For a few students, Langley Park’s most important landmark is actually not the Tick Tock liquor store.
Tucked away just behind the building, fewer than two miles from the campus, lies an old, decaying, vandalized mansion that has been unoccupied for decades. But with the help of a Gemstone research team, the McCormick-Goodhart Mansion will become a Langley Park community center. The project could mark a turning point in improving the university’s somewhat standoffish relationship with this low-income, predominantly immigrant neighborhood.
One of the members of the research group, Allison Wilson, decided she wanted to work to improve Langley Park during her freshman year, after taking the honors seminar “Just a Mile Away: The Langley Park Neighborhood and the Making of a New America.”
“When I saw the building, I was inspired because it’s a great piece of architecture,” the architecture major said.
But her interests quickly switched to social activism. The group of eight Gemstone students is surveying Langley Park residents to determine how the community center could meet the needs of the local population, which is 72 percent foreign-born.

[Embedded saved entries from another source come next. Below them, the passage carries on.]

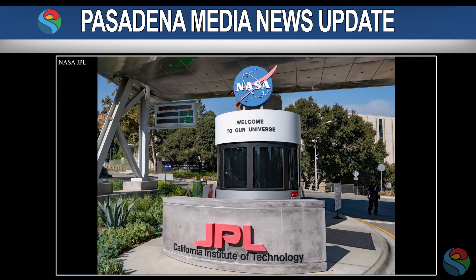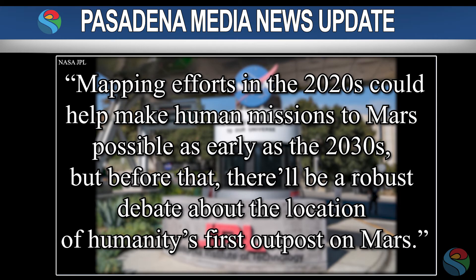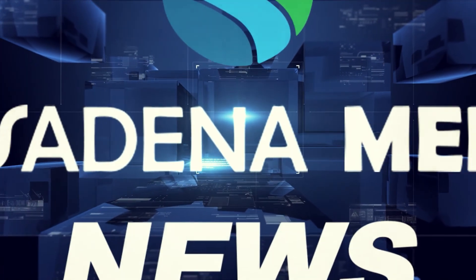In a written statement, NASA JPL said, "Mapping efforts in the 2020s could help make human missions to Mars possible as early as the 2030s. But before that, there'll be a robust debate about the location of humanity's first outpost on Mars." For Pasadena Media, I'm Joe Carboneta. Thanks for clicking in.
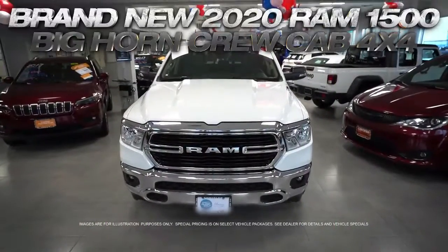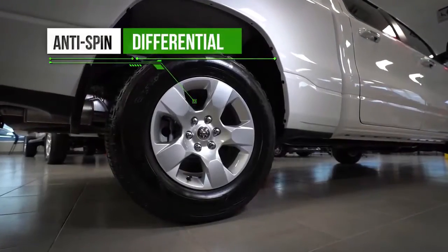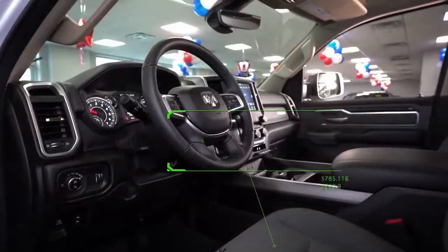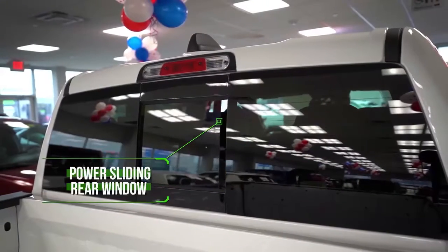Get the new 2020 Ram 1500 Bighorn Crew Cab with Anti-Spin Differential, Apple and Android Capable Auto, 8-Way Power Driver Seat, Remote Keyless Entry, and Power Sliding Rear Window.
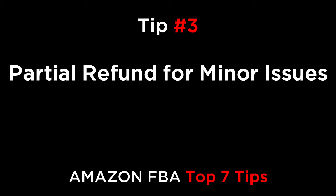Tip three is the partial refund for minor issues. If a customer has a really small issue, offer them a 25% refund and ask them if they think that's fair. This is particularly appropriate for such small things as damaged packaging or maybe slightly wrong colors. The customer will usually be happy to keep the product if you simply offer them a small refund.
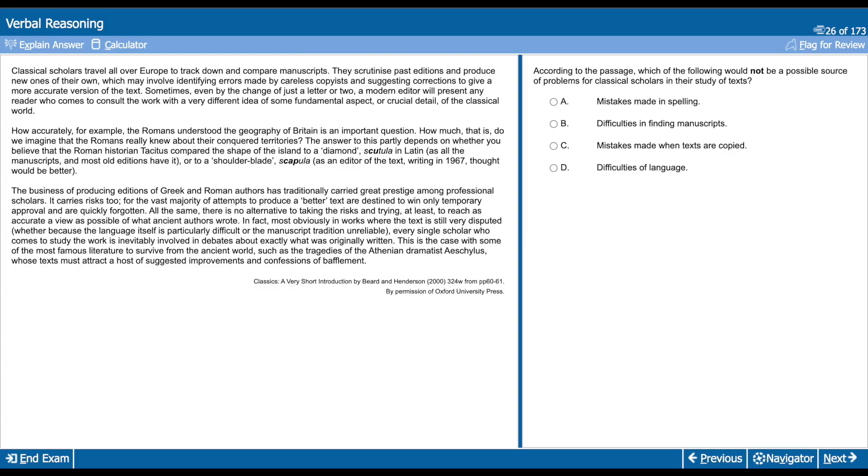My next tip for the UCAT verbal reasoning section is when you do decide to answer a question, read the question and answer options first, then skim through the passage for key words. Don't bother reading every single word of the passage — rather aim to get the gist and find the information that you need to answer the question. A lot of the time the question would refer to a specific part of the passage, so make sure you've skimmed all of the passage and then honed in on the relevant part.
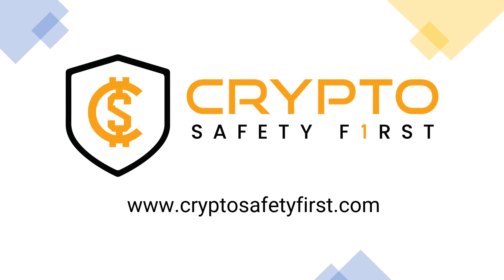Thanks for watching this video. If you are interested in learning how to keep your private, financial, digital, or crypto assets safe, visit us at www.cryptosafetyfirst.com. Keep learning, apply good digital and crypto safety practices, and stay safe.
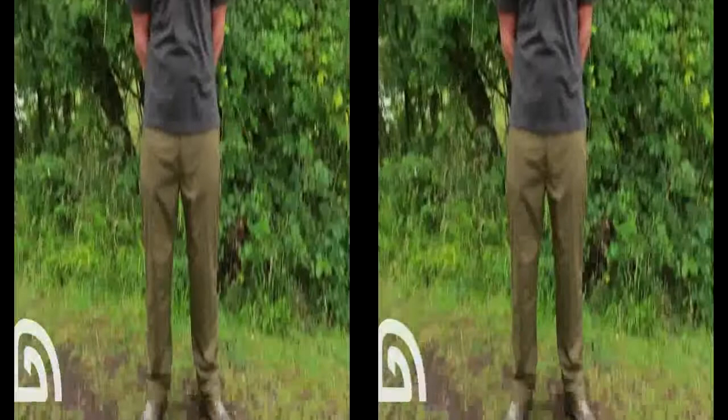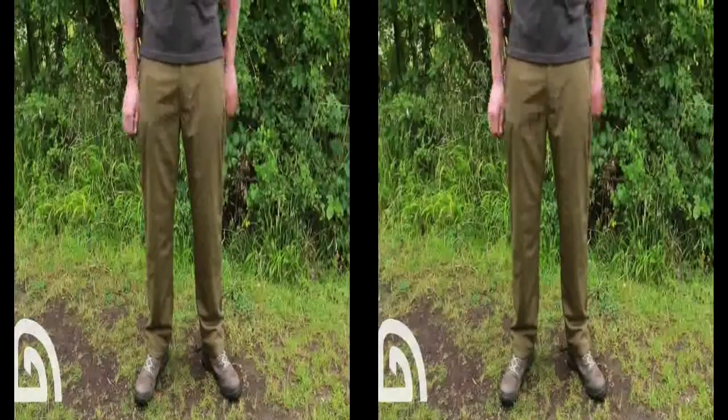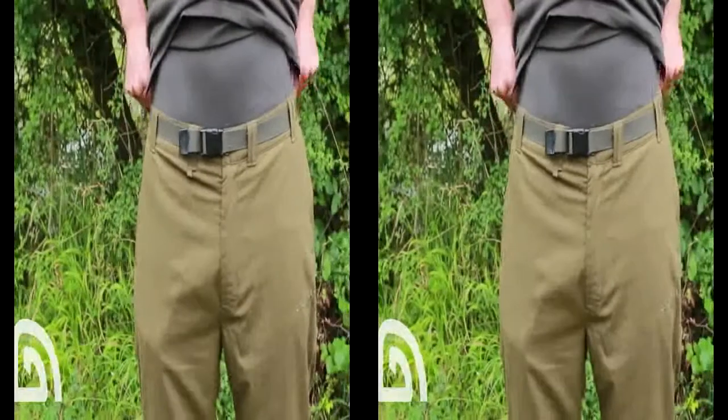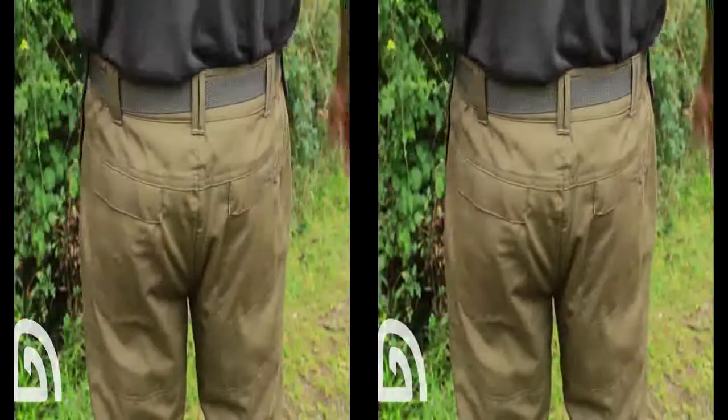What I have here is the new Thermal Combats from Trakker. They feature a twin-layered design with a water-repellent outer and a fleece-lined inner. They come with a belt, a part-elasticated waist that's really comfortable, two generously sized pockets at the front, and the same again on the back.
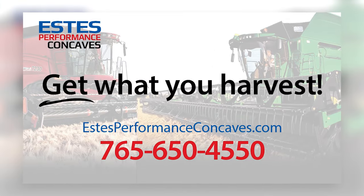For more information, visit www.estisperformanceconcaves.com or call the number on your screen.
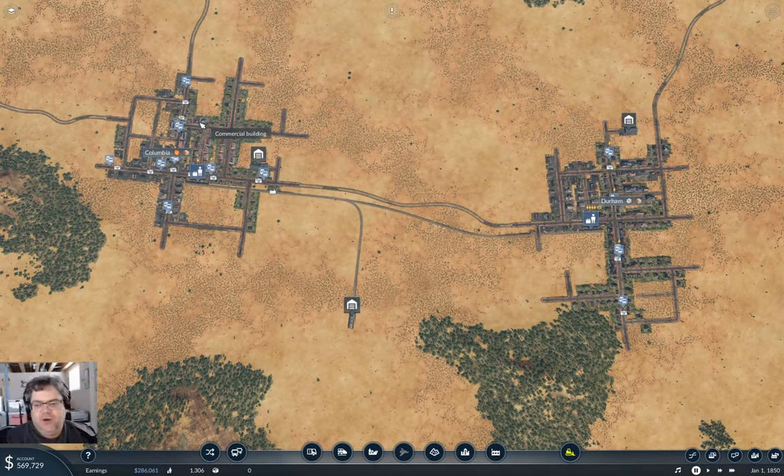Welcome back to People Mover Inc., where we are connecting up all of the towns with rail — and or non-rail, but mostly rail — for the purpose of building a complete network. We're doing all of this in 1850, or at least until I get fed up with doing this in 1850 and advance the time.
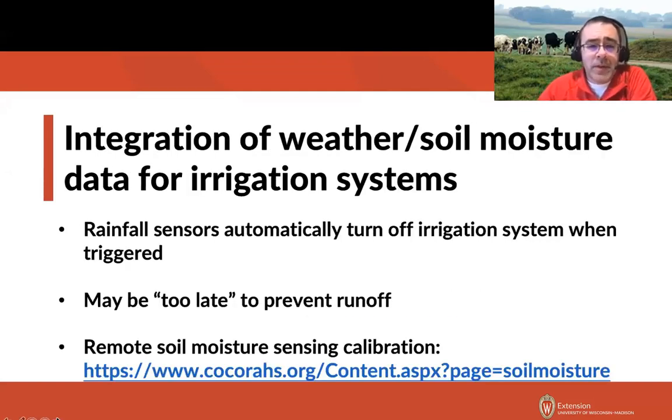For operations using irrigation systems for the liquid portions of manure, we can integrate a rainfall sensor on the irrigation control to automatically turn off the system during a rainfall event — though be aware this isn't a perfect solution since it may be too late to prevent runoff. There is also a current remote sensing project for soil moisture through CoCoRaHS at Colorado, using satellite remote sensing technology to look at the soil surface and estimate soil moisture. The web link is available in the presentation handouts, and anyone interested in experimenting and helping calibrate that model is encouraged to participate.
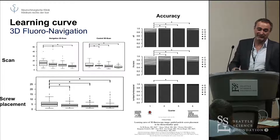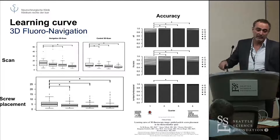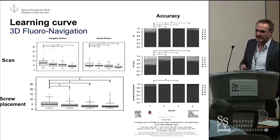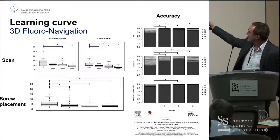We have eight surgeons, three fellows, and 15 residents, and a variable number of scrub nurses. We have usually one person taking care of the navigation, but he's not there all the time. So this is, at least in a large center, what it takes. In the same time, accuracy increases.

Bill Hanna, who teaches the Langley Park seminar, lauded the Gemstone group’s endeavors, saying a large community space in Langley Park would help lower crime and high school drop-out rates – which he estimated at roughly 50 percent.
Jennifer Freedman, the director of development for CASA of Maryland – the non-profit immigrant advocacy group which recently acquired the mansion – was thrilled when Wilson first offered the team’s assistance.

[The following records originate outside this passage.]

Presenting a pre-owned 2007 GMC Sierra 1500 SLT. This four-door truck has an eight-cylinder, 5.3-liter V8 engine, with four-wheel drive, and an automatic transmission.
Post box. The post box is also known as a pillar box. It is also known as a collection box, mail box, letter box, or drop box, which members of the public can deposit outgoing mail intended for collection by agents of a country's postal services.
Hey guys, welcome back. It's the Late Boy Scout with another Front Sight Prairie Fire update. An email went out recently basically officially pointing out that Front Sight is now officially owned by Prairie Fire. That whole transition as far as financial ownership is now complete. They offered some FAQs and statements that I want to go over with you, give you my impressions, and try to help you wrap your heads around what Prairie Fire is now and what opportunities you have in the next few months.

“It was a great match. We’re always excited to work with the university,” Freedman said. “We needed a lot of help. We were just getting started.”
The Gemstone team will report its findings to CASA of Maryland, which announced plans to renovate the mansion last October. CASA of Maryland hopes to begin construction on the renovations this summer and have the community center ready by fall 2009, Freedman said.
Although the Gemstone group members maintain it’s too early to draw conclusions from the roughly 200 surveys they have conducted at Langley Park health fairs, church services, supermarkets and other locations, CASA of Maryland has already put together plans for the community center’s programs. Freedman said the mansion will provide legal and health services, computer training, English classes, leadership development programs and economic development programs, in addition to becoming the headquarters for CASA of Maryland and other local minority advocacy groups.
Maj. Kevin Davis, the commander of District 1 for the Prince George’s County Police Department, which includes Langley Park, said tackling the community’s pervasive social issues helps reduce crime. The community center will provide a place for immigrants, particularly illegal immigrants, to seek government services without fear of police involvement, Davis said.
“It is important for us to remember there are a lot of cultural barriers that immigrants confront,” Davis said. “CASA will serve as that middle man to get people who are very, very vulnerable the help they need.”
CASA of Maryland’s executive director Gustavo Torres, while very appreciative of the Gemstone team’s work, said he would still like to see more effort from the university to address the needs of Langley Park.
“I believe that the University of Maryland is making a good contribution to this process and we are very excited about that. But I do believe there is huge room to improve,” Torres said. “We really want to partner with the University of Maryland and bring all the resources that they have to Langley Park. We are five minutes from the university, and it’s a great opportunity for the University of Maryland to partner with communities.”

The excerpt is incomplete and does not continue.